Viñales thought he could even win this, becoming the first rider to ever win a premier class grand prix with four different manufacturers. “At a certain point I saw 0.7. I said, ‘Come on, Maverick, you can do it!’ But then I saw with Marquez, he was a little bit controlling the rear and the front tire. I tried at the maximum,” Viñales told the press conference.
To cross the line in second was a remarkable achievement, the Tech3 KTM rider said. “For me, it’s more than a victory. It’s achieved for what is coming. We need to be very happy. We fight against Ducati and we showed our potential with the KTM. So, that’s great.”
But it was not to be. An hour and a half after first official results had been sent out, the FIM Stewards issued a penalty for “running tire pressures lower than the parameters advised by the Official Supplier”.
It wasn’t a complete surprise.

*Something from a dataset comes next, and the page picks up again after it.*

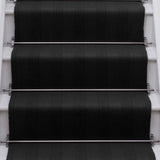 Striped flatweave runner in black on white staircase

Shortly after the riders crossed the line, and while they were still on the cooldown lap heading back to the pits, the FIM Stewards issued a warning that Viñales was under investigation for tire pressure. The full investigation would take well over an hour and a half. But the investigation would confirm that initial report by the FIM Stewards.
Why did the investigation take such a long time?
If the FIM can flash up a warning on the screens less than 2 minutes after the end of the race, why did the penalty take so long to enforce? Wasn’t it unnecessarily cruel to have Viñales up on the podium, then in the press conference, only to have his podium taken away?
The reason it takes so long is to ensure that the FIM Stewards have got it right, and there isn’t an alternative explanation for the pressure discrepancy.
The process is as follows. Throughout the race, Race Direction can monitor the tire pressures of all the bikes as it happens. Each wheel is fitted with two tire valves, and two tire pressure sensors: the official sensor supplied by Dorna, and the sensor preferred by the team. The values from the Dorna sensor are logged on the official datalogger, and sent to Race Direction via the two-way communications system used for dashboard warnings and timing system.
The official Dorna-mandated tire pressure sensor
If the tire pressure value is below the mandatory minimum – 1.8 bar at the front and 1.68 bar at the rear – for less than the required number of laps (60% for a GP, 30% for a sprint race), then an investigation is started.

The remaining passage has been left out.